Personal named entity linking based on simple partial tree matching and context free grammar
Abstract
Personal name disambiguation is the task of linking a personal name to a unique comparable
entry in the real world, also known as named entity linking (NEL). Algorithms for NEL
consist of three main components: extractor, searcher, and disambiguator.
Existing approaches for NEL use exact-matched look-up over the surface form to generate
a set of candidate entities in each of the mentioned names. The exact-matched look-up
is wholly inadequate to generate a candidate entity due to the fact that the personal names
within a web page lack uniform representation. In addition, the performance of a disambiguator
in ranking candidate entities is limited by context similarity. Context similarity is
an inflexible feature for personal disambiguation because natural language is highly variable.

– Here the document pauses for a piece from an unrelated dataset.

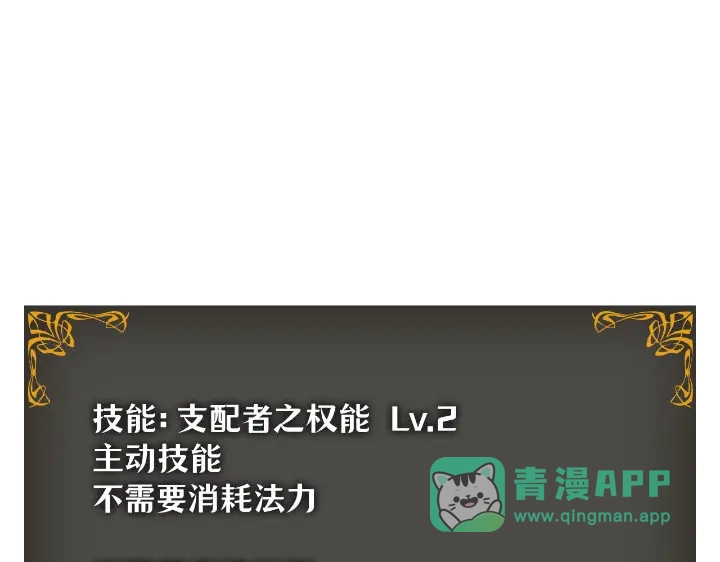 第281页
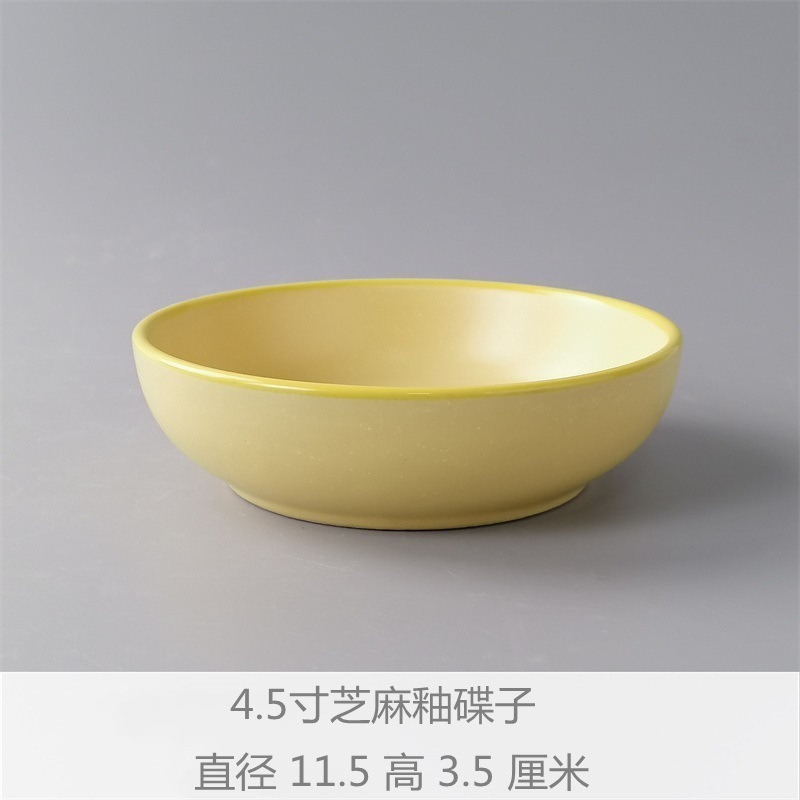 ソーサーラック、小皿、ソース皿、家庭用皿、調味料、陶器、和風小鉢、丸カップ、味皿、卵鉢、ディップ|undefined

We propose a new approach that can be used to both identify and disambiguate personal
names mentioned on a web page. Our NEL algorithm uses: as an extractor: a control flow
graph; AlchemyAPI, as a searcher: Personal Name Transformation Modules (PNTM) based
on Context Free Grammar and the Jaro-Winkler text similarity metric and as a disambiguator:
the entity coherence method: the Occupation Architecture for Personal Name Disambiguation
(OAPnDis), personal name concepts and Simple Partial Tree Matching (SPTM).
Experimental results, evaluated on real-world data sets, show that the accuracy of our NEL
is 92%, which is higher than the accuracy of previously used methods.